When A.J. Mleczko thinks of Katie King Crowley, they don't think of that crowning achievement, the gold medal at the 1998 Nagano Olympics and the kickoff for everything that would come later for the United States women's hockey team.
Or, at least, that's not first.
First comes the bronze-medal game eight years later at the 2006 Torino Olympics.
"What I remember [about] watching that bronze-medal game is she played out of her mind," Mleczko said.
It was King Crowley's final international game and no one -- least of all the team itself -- believed the United States would be playing for bronze.
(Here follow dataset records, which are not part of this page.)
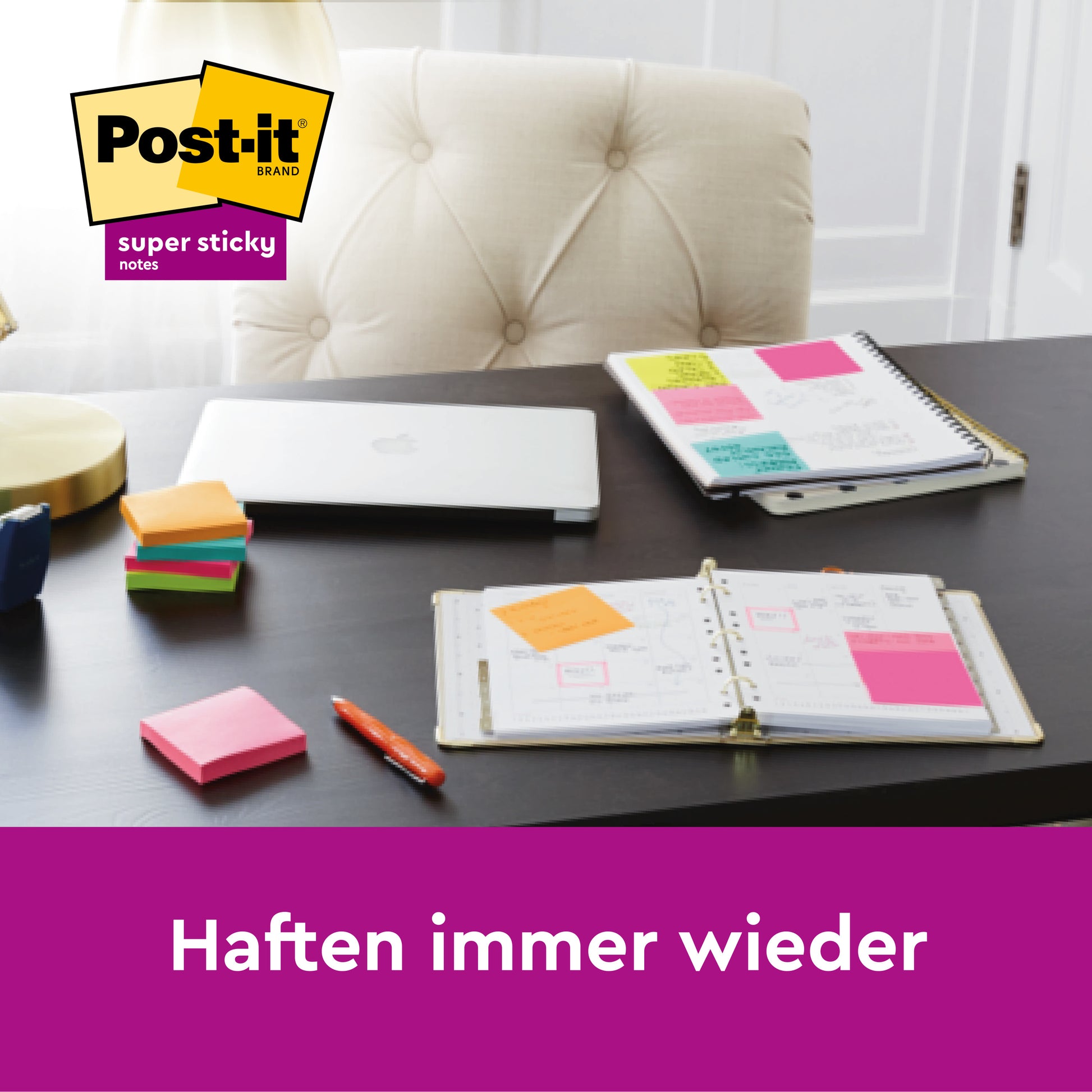 Ein aufgeräumter Schreibtisch mit geschlossenem Laptop, offenem Planer, farbigen Post-it® Z-Notes in Blau (76 x 76 mm, 45 Blatt/Block, 2 Blöcke/Packung) mit weißem Bärenspender von 3M Deutschland GmbH. Oben links: Post-it-Logo. Unten: "Haften immer wieder.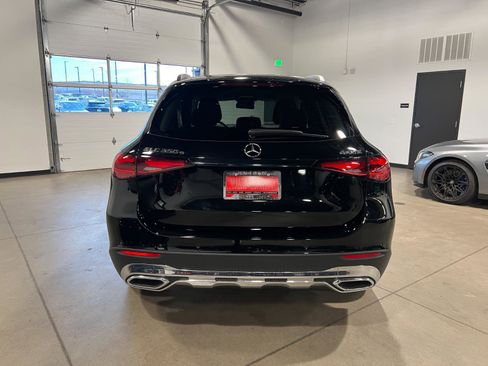 Used 2025 Mercedes-Benz GLC 350e 4MATIC image 4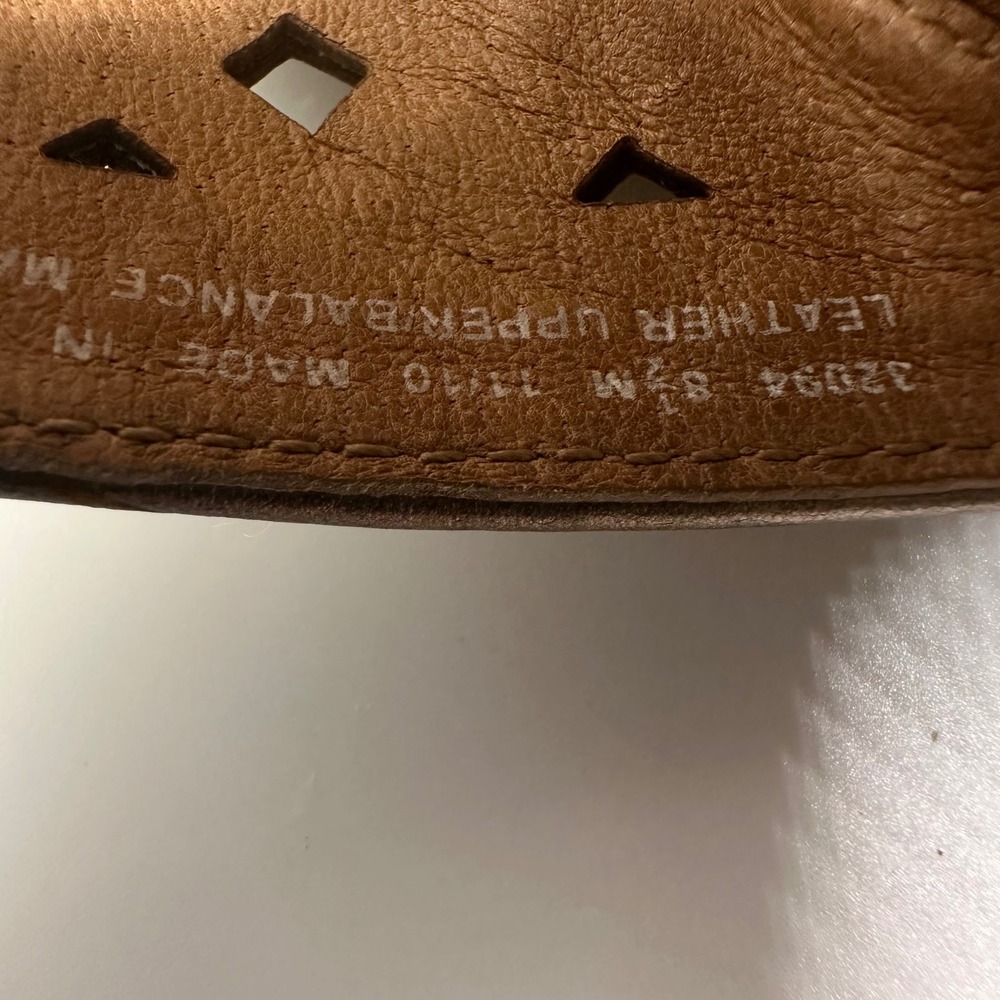 Clarks Artisan Gold Leather Thong Sandals Studded Detail Size 8.5M - Picture 4 of 5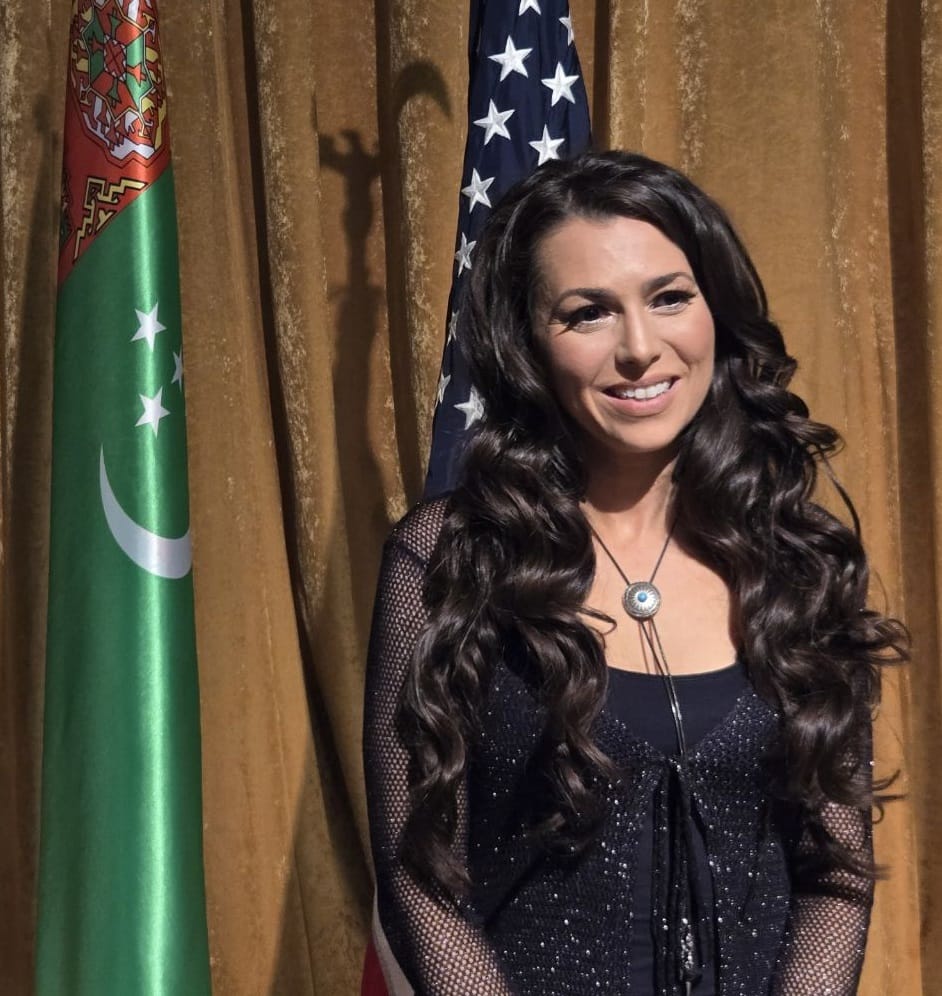Amerikalı şarkıcı Jessica Lynn, Aşkabat'ta konser verdi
They were supposed to be playing for gold like in the previous two Olympics, the one they won and the other they lost (Salt Lake City in 2002), each against Canada.
But the U.S. stumbled in the shootout against Sweden in the 2006 semifinal and, though the disappointment was palpable, King Crowley wasn't going to let that stop her.
She scored a hat trick. The U.S. defeated Finland 4-0. Mleczko was broadcasting the game.
"She was such a leader the way she carried herself out there," said Mleczko, King Crowley's teammate in the first two Olympics, "You don't want to go into that game and not go home with a medal at all and that was going to be very easy for them to do, based on their mentality.
"You could just feel how she dragged everybody into that fight."
It was a shining moment in the career of King Crowley, who will be inducted into the U.S. Hockey Hall of Fame on Wednesday in Boston, not far from where she grew up in Salem, New Hampshire, and where she now works, as the coach of the Boston College women's hockey team since 2007.
It's an honor that former coach and 2017 U.S. Hall of Fame inductee Ben Smith called "long overdue."